From top to bottom, return the listing exactly as it appears, omitting its images.

## RECORDED DATA
= = = = = = =
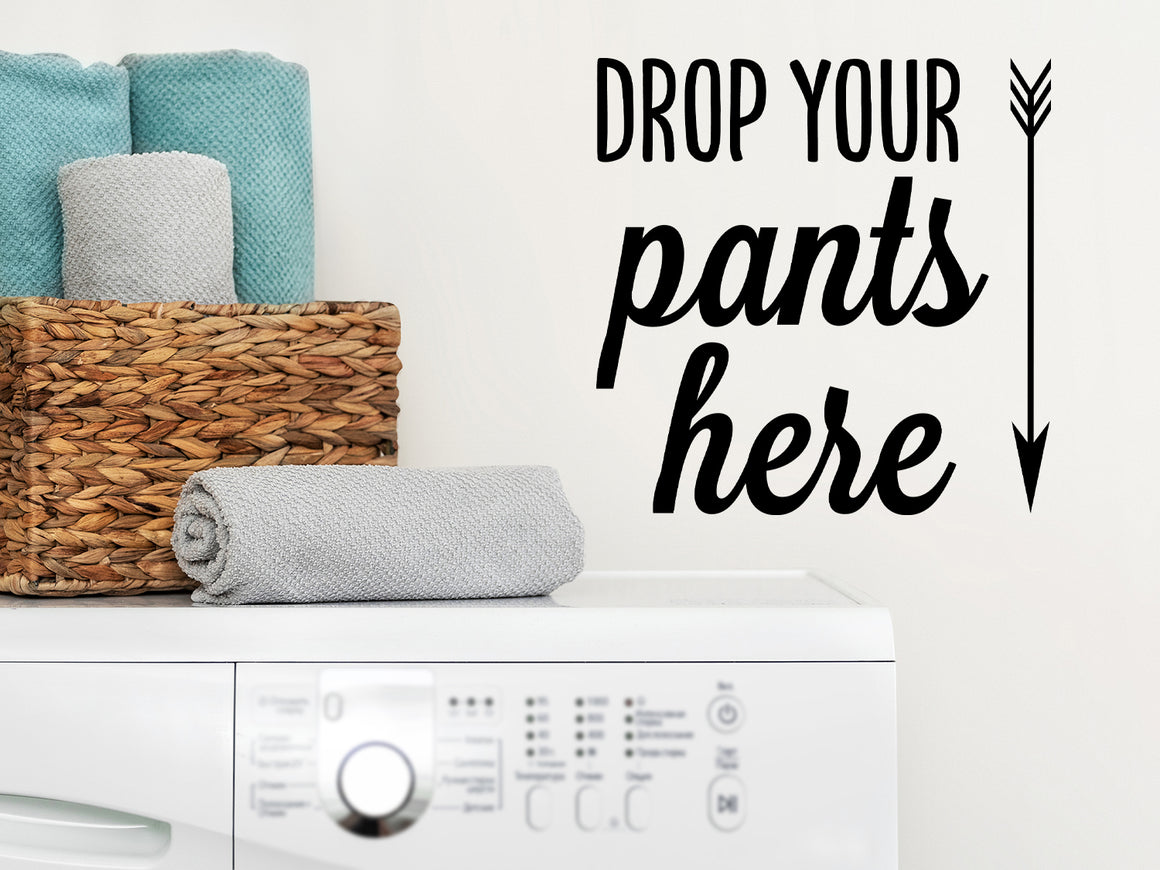 Laundry room wall decal that says ‘drop your pants here’ on a laundry room wall.
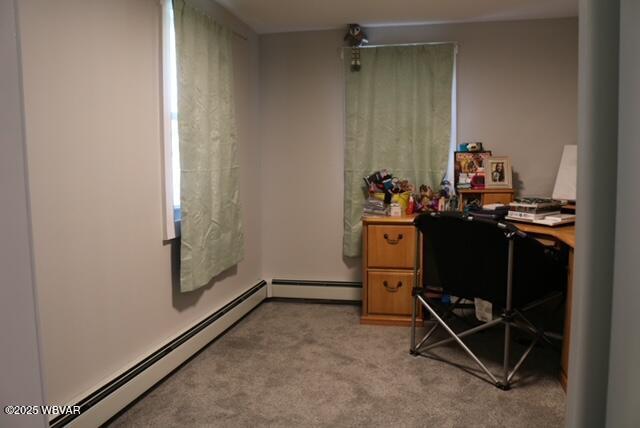 bedroom with light carpet and a baseboard radiator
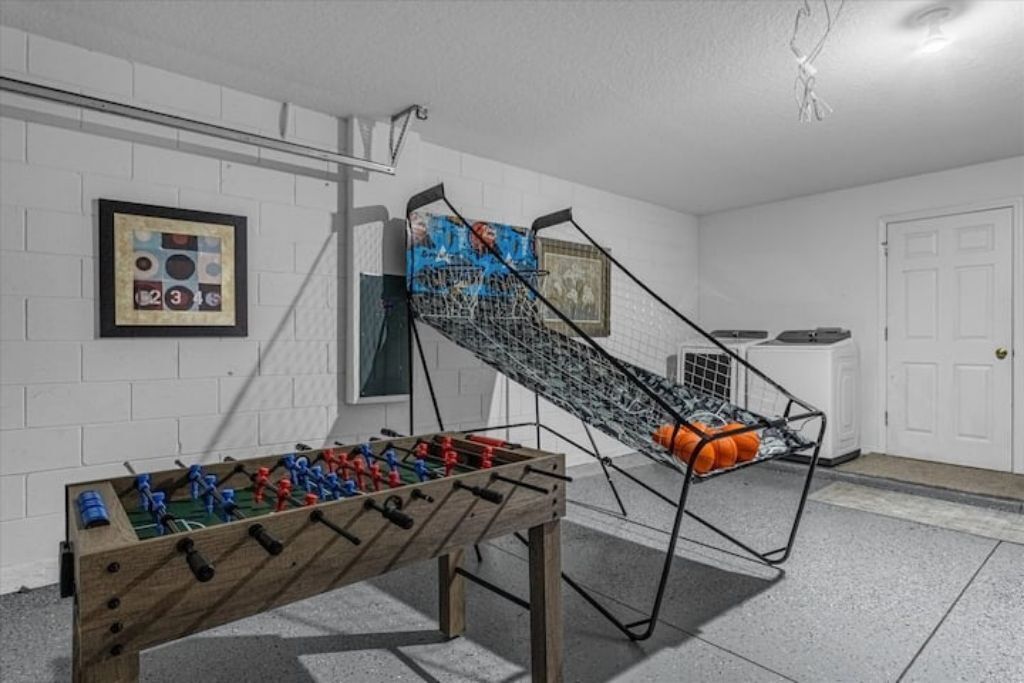 Une pièce avec une table de baby-foot, une échelle en métal et une porte.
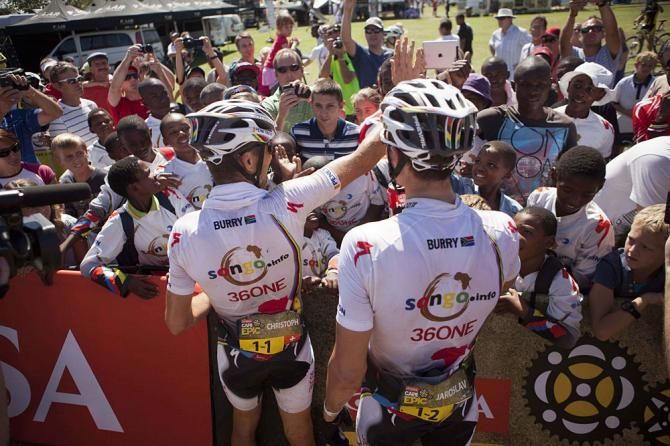 Jaroslav Kulhavy and Christoph Sauser celebrate with the Songo kids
= = = = = = =
## ANSWER FOR THIS EXERCISE
 Laundry room wall decal that says ‘drop your pants here’ on a laundry room wall.
 bedroom with light carpet and a baseboard radiator
 Une pièce avec une table de baby-foot, une échelle en métal et une porte.
 Jaroslav Kulhavy and Christoph Sauser celebrate with the Songo kids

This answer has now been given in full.